The tragedy comes quickly as the human creature separates from God. The taming of the chaos - out of which God ordered all things - seems undone. Good and Evil, personified, depicted in the image of human language, brings the impact of the Sudanese Mac Anyat’s painting to our present senses.

Before there was a Hebrew people, before there was an understanding of a God who desires our partnership, our love, our response, there is the cosmic realization depicted in the word picture, the thousand words of Noah’s story.

“Now the earth was corrupt in God’s sight, and the earth was filled with violence. And God saw that the earth was corrupt, for all flesh had corrupted its way upon the earth.”

So God makes an adjustment. Noah is the deliverer. Dutifully Noah builds the Ark. Carefully Noah collects the creatures two by two, male and female, he collecteth them. “In the 600th year of Noah’s life, in the second month, on the seventeenth day of the month, on that day all the fountains of the great deep burst forth, and the windows of the heavens were opened. The rain fell on the earth forty days and forty nights... And the waters swelled on the earth for one hundred and fifty days.”

The tsunamis came. The Katrinas came. The cyclones of Burma came. The earthquakes to China and the fires and the pestilence came to Africa, to Europe, to the Americas and to the Arctic and to Antarctica. The ice melted and the oceans rose upon the land.

Somehow we western Christians have tamed the story. Perhaps we rather enjoy the comedy of Bill Cosby, hearing Noah and God talking until it is time to hear: “Everyone, out of the pool!”

Children love to hear the story. They create pictures and puzzles and sandbox displays of all the animals and old Noah. They are careful to depict Mrs Noah and the boys as well. Children love to hear of baby Jesus and the Easter Bunny.

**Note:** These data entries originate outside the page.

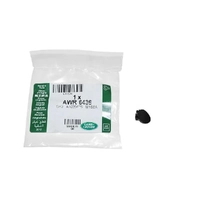 Headlight Washer Jet Screw Cap for Land Rover Discovery 2 1998-2002 AWR6436 Genuine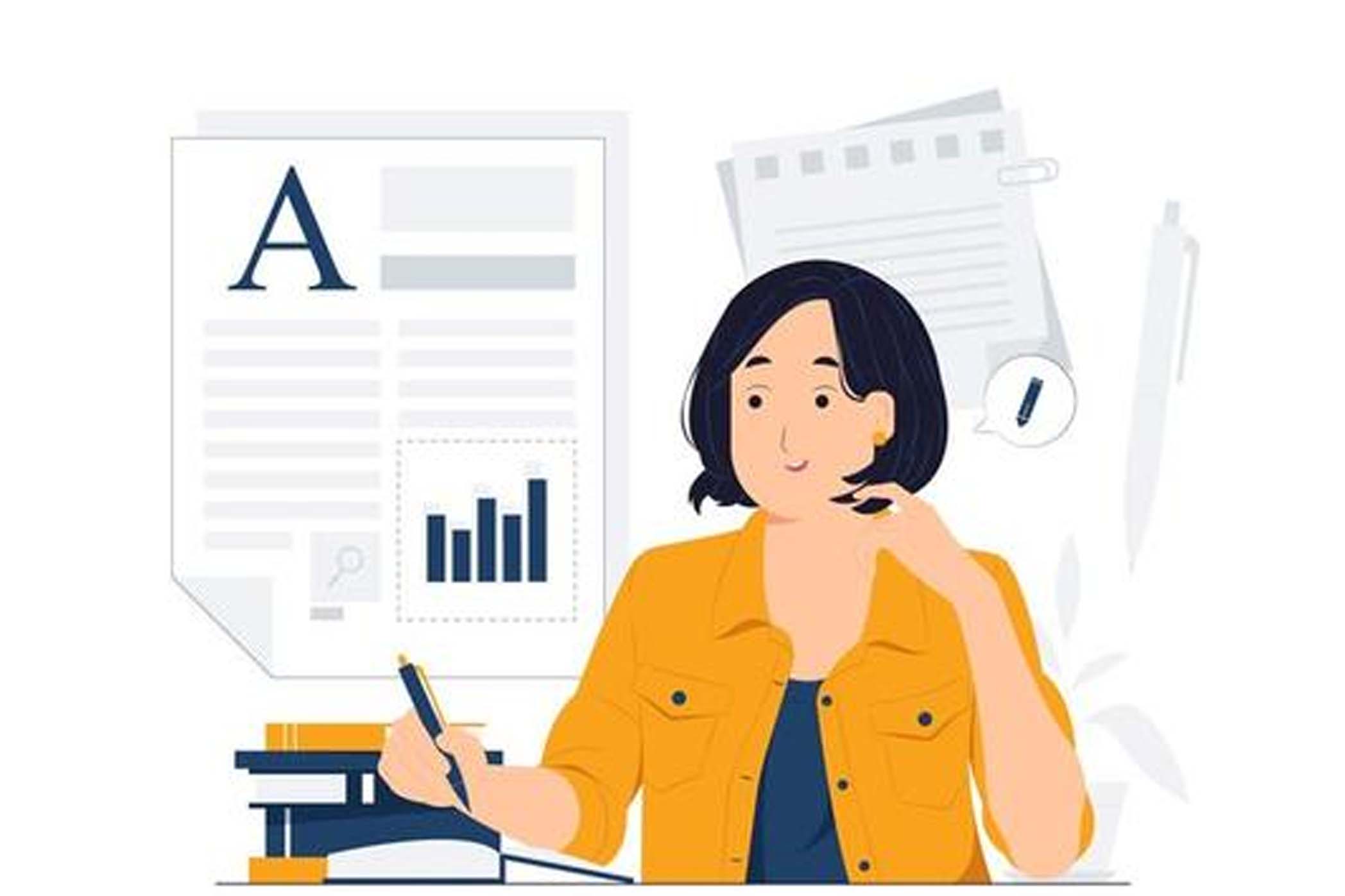 6 Truths You Should Know About Assignment Writing
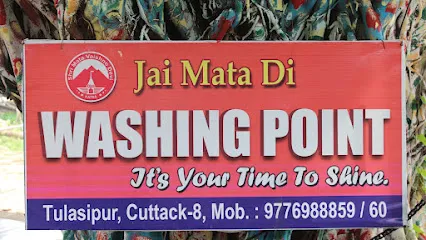 Jai Mata Di Washing Point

The Bible, however, does not tell children’s stories. The story of Noah is not a child’s fable, it is not entertainment, it is not just an ancient tale told to bridge a gap.

The story of Noah, of the Ark, of the animals and the Dove and the coming of dry land and the Rainbow - it is all about us and the real world we live in, this place we speak of at worship as “our island home”.

Within the complex word picture of Noah is the reality of the global situation of climate warning; it touches upon the feared nuclear holocaust; it touches upon the shrinking rain forests and the depletion of oxygen and the poisoning of oceans. 

This story confronts us humans - all humans, not just Christian or Jewish, but Muslims and Hindus, Buddhists and the Aboriginal and the New Agers and the Atheists — it touches all of us with God’s promise, God’s covenant drawn and painted in the colours of the Rainbow. “Never again,” says God.

And do we, like Sarah, laugh when Abraham is told of a child to be born of his seed by Sarah? We humans are quite good at ignoring, putting off, being self-centred and greedy to ourselves. To hear God’s message can make us laugh nervously with Sarah.

God comes to us as the Saviour, Jesus Christ the Lord. This Jesus tells us humans how we can live better, how we can live different, how we can live lovingly -as members accepted into the Kingdom of God, RIGHT NOW, RIGHT TODAY!

Paul says, “While we were weak, at the right time Christ died for the ungodly... God proves his love for us in that while we still were sinners Christ died for us.”

Jesus has chosen us, commissioned us, to share the Good News, to go out to our neighbours, “to cure the sick, raise the dead, cleanse the lepers, cast out demons.”

The message of God’s love must go out to this island home and all that is upon it. That good news gives life with purpose, with spirit and joy. Those children crossing the river found new life, a life of hope and promise. In 1994 they escaped the horrors of humankind. May the children of Gaza and Sudan, and Ukraine and the Congo, and all over the world, find new life in 2026.

They say a picture is worth a thousand words. What picture are you drawing?